PROVIDED MATERIAL:
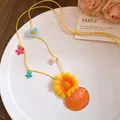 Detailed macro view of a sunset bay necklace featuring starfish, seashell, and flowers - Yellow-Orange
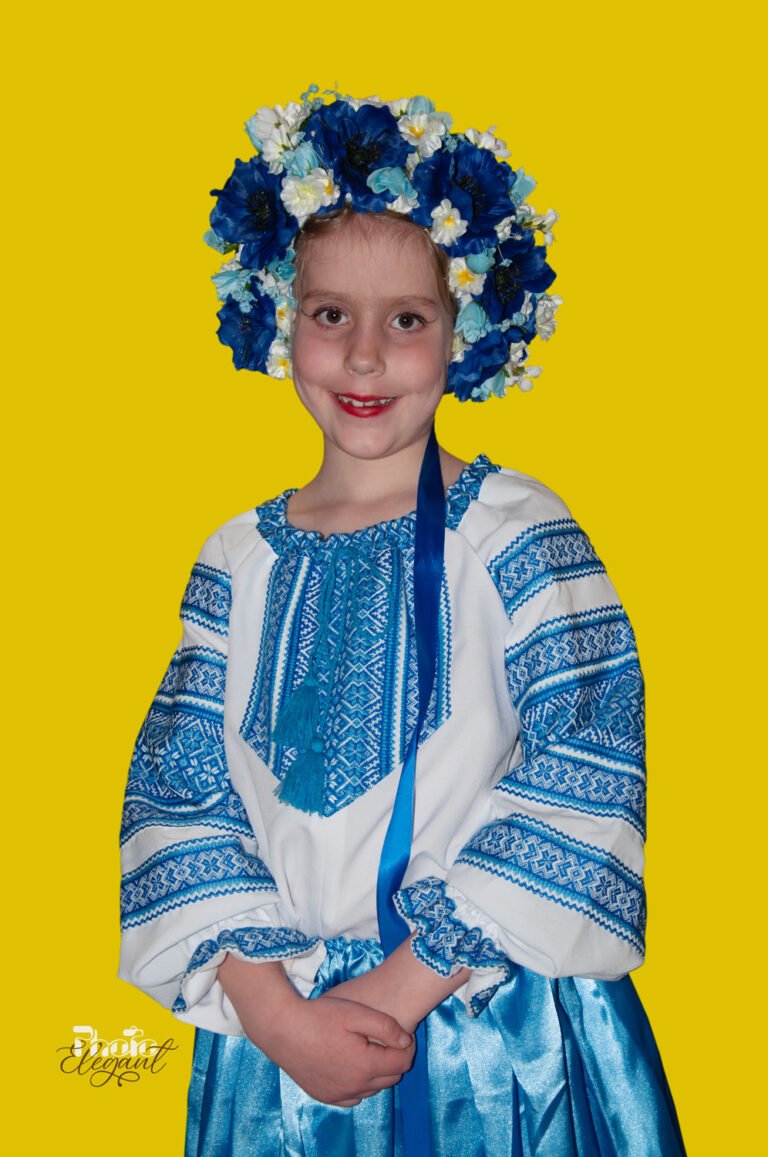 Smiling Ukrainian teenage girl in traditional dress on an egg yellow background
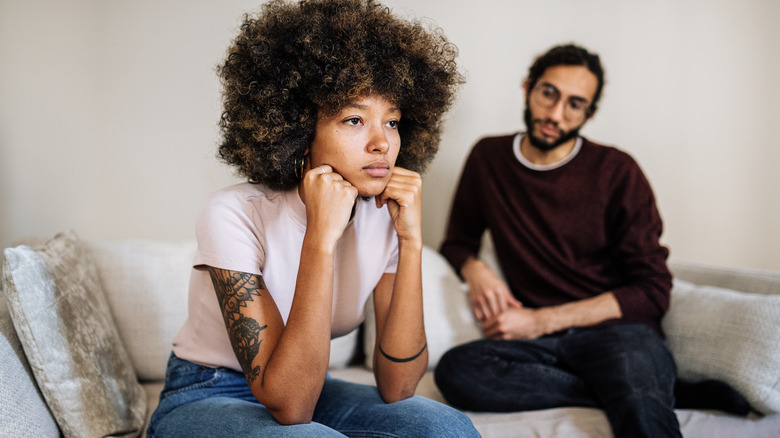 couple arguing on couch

PROBLEM TO WORK ON: Would you restate all of the data above word for word, omitting the pictures?

RESULT OF THE EXERCISE:
 Detailed macro view of a sunset bay necklace featuring starfish, seashell, and flowers - Yellow-Orange
 Smiling Ukrainian teenage girl in traditional dress on an egg yellow background
 couple arguing on couch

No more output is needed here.